Okay, one final (probably) revision of tuneR for today, adding a bit of color and sizing to the plot of tags by artist, to show variation in tag rank within each artist.
What I’d give for a fish shell-style approach to command history in the R console.
A lot. I’d give a lot.
whispering VSCode plus a couple of extensions is a really nice environment for writing markdown.
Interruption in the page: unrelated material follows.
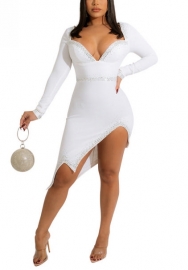 (Real Image)2022 Styles Women Fashion Spring INS Styles Sequins Long Sleeve Mini Dress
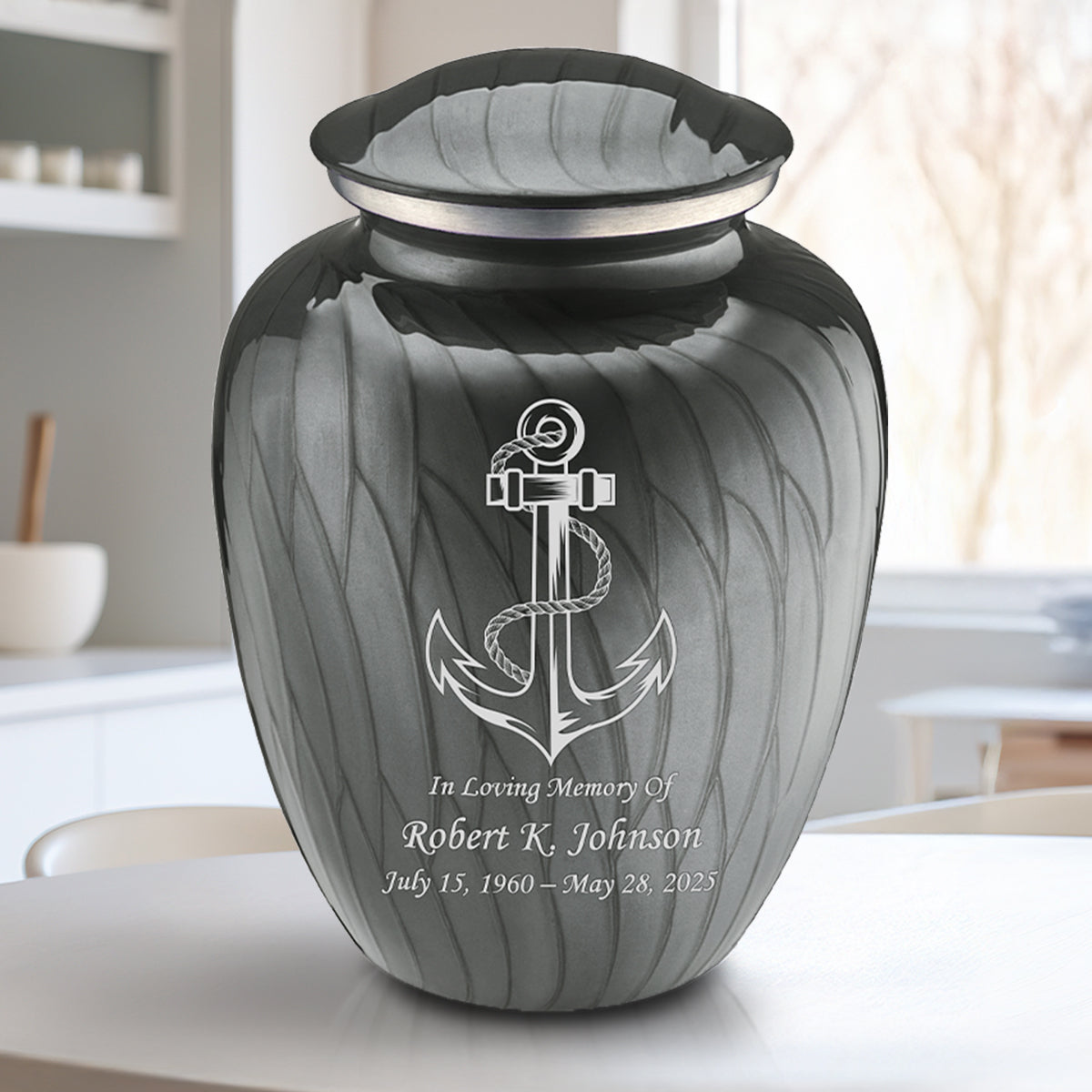 Adult Embrace Pearl Silver Anchor Cremation Urn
Adding Todoist items with an Alfred workflow
I've long had a workflow in Alfred for adding things to my grocery list in Wunderlist. With Wunderlist being retired, I've switched a couple of shared-with-family lists to Todoist, and it's mostly okay; Todoist is much less of a good tool for just making lists, as it's oriented to projects and lifestyle methodologies, but is good enough for what we need right now.
So I re-built my workflow in Alfred! All you need is a workflow that runs a bash script, and use the following for the code:
curl https://api.todoist.com/sync/v8/sync \
-d token=YOUR_TOKEN \
-d commands="[{\"type\": \"item_add\", \"temp_id\": \"$(uuidgen)\",
\"uuid\": \"$(uuidgen)\", \"args\": {\"content\": \"{query}\", \"project_id\": OPTIONAL}}]"
YOUR_TOKEN
is found on the settings -> integrations page of your Todoist account. Specify a project ID if desired (I use the ID of my 'groceries' list as a default here). Otherwise omit the project argument. You can find the project ID by viewing the project in your browser; it will have a URL like https://todoist.com/app/#project%2F123456789%2Ffull
, where the 123456789 is your project's ID.